Solo-tentoonstellingen
- 1977 Goethe-Institut, Triest.
- 1978 Palazzo Costanzi, Triest.
- 1979 Biblioteca Germanica und Carini-Galerie, Milaan.
- 1982 Galerie Prozori, Zagreb, en Bauinstitut, Zagreb.
- 1984 Stadhuis van Veletri.
- 1985 Galleria Golden Time, Rome, Galerie Leonardo da Vinci, Rome.
- 1988 Goethe-Institut, München.
- 1989 Galeria Maatois, München, Galima Hanfitaengel, München, Galerie "Quality of Life", München.
- 1990 Gallizia Jugendstil, tentoonstelling en literaire gebeurtenis met de titel "Signora terra".
- 1996 Gallena Veliki kraj, Županja.
- 2000 Mandala-tentoonstelling, Skale Kirc-laboratorium, Dragan Sekulić.
- 2002 Tentoonstelling in de Kunstgalerie, Pula, Tentoonstelling Intuïtief Tekenen, Pula, in de Kunstgalerie.
- 2004 Tentoonstelling in de forumruimte van de Diana-Galerie, gewijd aan haar dorp Kavran.
- 2005 Gebedscyclus "Laten we met de engelen bidden", gebeden op handgeschept papier.

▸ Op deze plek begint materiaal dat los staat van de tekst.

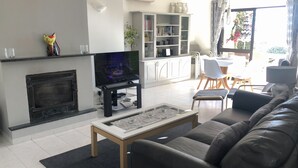 Ein Wohnzimmer mit Kamin, Fernseher, einer Couch und einem Essbereich mit Stühlen und Tisch.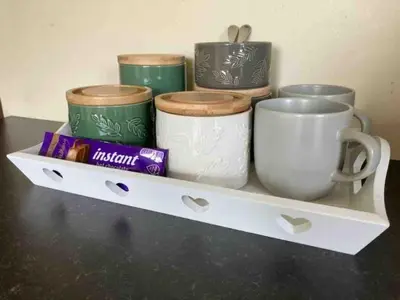 a shelf with cups and other items on it at Entire studio with private parking and balcony in Southend-on-Sea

- 2008 Tentoonstelling "Golddateien", schilderijen, wandtapijten en borduurwerken uit de Posavina-galerij Veliki kraj Zupanja.
- 2010 Tentoonstelling "Goldener Faden", tapisserie-tentoonstelling, Galerie Veliki Kraj Zupanja.
- 2011 Tentoonstelling over de Malediven in de Indische Oceaan, Malilive Gallery Kamenite priče Valle.
- 2012 Tentoonstelling van monotypie-(grafiek-)drukken, Ararai, Posavina-borduurwerken en artistieke boeken met handgeschept papier, Italiaanse gemeenten Rovinj, met de titel "Op het kantkussen van mijn grootmoeder slapen de meesters".
- Studierreizen naar Noord-Amerika, bezoeken aan de Hepi-indianen, China, Engeland, Spanje, parelgehalte in een kunstenaarskolonie op Mallorca en Marokko.
- Sinds 1975 woont en werkt zij als kunstenares in Duitsland en Italië. Momenteel woont en werkt zij in het atelier in haar geboortedorp Kavran, 52208 Krnica.